I do not mean to imply that the political and psychological, the instrumental and the primordial, approaches should be viewed in either/or terms. Both the approaches are complementary to each othe
r. Whether it be the history of Hindu-Muslim relations, or the analysis of the causes of the riots between the two communities (economic-political versus social-psychological), or the explanation for the basis of emerging religious group identities (‘instrumental’ interests versus ‘primordial’ attachments), the arguments are invariably couched in a dualistic either/or mode. This, of course, is a testimony to the stronghold of the Aristotelian and Cartesian ways of thinking on modern minds. Like most shared habits, we do not recognize this kind of thinking as mere habit but take it as an unquestioned verity, as the way things ‘naturally’ are. Complementary thinking does not mean that ‘anything goes’, in a vulgar postmodernist sense. It has its own definitional constraints and boundaries; for instance, the more incompatible (not outlandish) the explanations for a phenomenon, the more complementary they will be. Complementarity is the belonging together of various possibilities of experiencing the same object differently. The wave and particle theories of light in physics, the primary and secondary processes in psychoanalysis, mythos and logos as modes of knowledge, are a few of the many examples of complementarity. Forms of complementary knowledge belong together in so far as they pertain to the same object; they exclude each other in that they cannot occur simultaneously.

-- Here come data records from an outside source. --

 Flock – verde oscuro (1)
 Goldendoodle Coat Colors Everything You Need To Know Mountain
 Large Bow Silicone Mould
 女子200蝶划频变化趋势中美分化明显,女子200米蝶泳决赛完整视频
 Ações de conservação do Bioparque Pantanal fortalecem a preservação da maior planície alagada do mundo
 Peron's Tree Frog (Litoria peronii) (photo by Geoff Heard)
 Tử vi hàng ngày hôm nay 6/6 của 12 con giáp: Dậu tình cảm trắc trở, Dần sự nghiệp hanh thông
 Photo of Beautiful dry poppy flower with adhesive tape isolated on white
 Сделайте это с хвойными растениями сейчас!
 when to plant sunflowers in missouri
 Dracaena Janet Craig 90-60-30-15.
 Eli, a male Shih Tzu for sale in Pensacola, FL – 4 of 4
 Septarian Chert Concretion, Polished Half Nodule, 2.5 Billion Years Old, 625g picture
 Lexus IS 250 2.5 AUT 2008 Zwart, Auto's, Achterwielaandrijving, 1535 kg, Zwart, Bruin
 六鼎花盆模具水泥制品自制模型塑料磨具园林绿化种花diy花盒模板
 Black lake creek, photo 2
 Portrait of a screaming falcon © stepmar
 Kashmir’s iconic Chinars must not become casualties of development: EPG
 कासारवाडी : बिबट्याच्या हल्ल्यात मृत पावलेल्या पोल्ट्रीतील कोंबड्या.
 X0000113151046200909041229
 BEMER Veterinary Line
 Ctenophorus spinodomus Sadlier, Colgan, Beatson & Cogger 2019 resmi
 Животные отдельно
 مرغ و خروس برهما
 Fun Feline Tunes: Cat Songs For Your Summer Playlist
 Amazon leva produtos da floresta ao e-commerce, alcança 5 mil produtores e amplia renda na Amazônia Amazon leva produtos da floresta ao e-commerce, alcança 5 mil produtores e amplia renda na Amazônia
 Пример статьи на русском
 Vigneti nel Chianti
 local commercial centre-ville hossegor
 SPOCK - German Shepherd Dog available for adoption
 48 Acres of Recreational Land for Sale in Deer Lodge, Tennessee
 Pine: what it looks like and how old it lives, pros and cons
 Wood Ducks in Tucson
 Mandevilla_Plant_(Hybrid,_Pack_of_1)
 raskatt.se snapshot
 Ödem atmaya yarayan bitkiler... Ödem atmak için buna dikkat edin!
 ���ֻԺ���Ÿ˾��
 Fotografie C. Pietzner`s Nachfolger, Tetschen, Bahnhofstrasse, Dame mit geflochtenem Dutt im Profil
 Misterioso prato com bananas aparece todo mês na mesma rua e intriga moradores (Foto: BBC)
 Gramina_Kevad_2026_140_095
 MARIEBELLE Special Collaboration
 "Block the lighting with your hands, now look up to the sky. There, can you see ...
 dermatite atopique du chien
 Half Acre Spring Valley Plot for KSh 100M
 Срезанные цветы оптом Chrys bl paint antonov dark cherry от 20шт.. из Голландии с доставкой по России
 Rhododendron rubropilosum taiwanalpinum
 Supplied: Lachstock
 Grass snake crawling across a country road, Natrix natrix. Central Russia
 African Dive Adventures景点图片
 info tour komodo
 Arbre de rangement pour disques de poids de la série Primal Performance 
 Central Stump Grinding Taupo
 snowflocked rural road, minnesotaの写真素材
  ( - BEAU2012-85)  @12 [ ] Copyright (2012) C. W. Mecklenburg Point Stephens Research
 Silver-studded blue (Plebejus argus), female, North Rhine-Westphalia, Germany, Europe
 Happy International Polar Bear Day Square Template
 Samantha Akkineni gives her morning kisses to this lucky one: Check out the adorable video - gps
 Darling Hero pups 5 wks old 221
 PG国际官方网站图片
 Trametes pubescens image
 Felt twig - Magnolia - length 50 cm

Complementarity is the acceptance of different possibilities and not their splitting and the exclusion of some. To describe a phenomenon complementarily is to reveal its wholeness, to understand its different aspects.14 None of these aspects is more true than others; each is irreplaceable. In brief, the logic underlying complementary thought is not of an either/or kind but of an ‘as well as’ variety. Thus, without the psychological perspective to complement the political-economic one, we will have only a partial and thus dangerously inadequate understanding of the reasons for the success of political formations based on religious mobilization.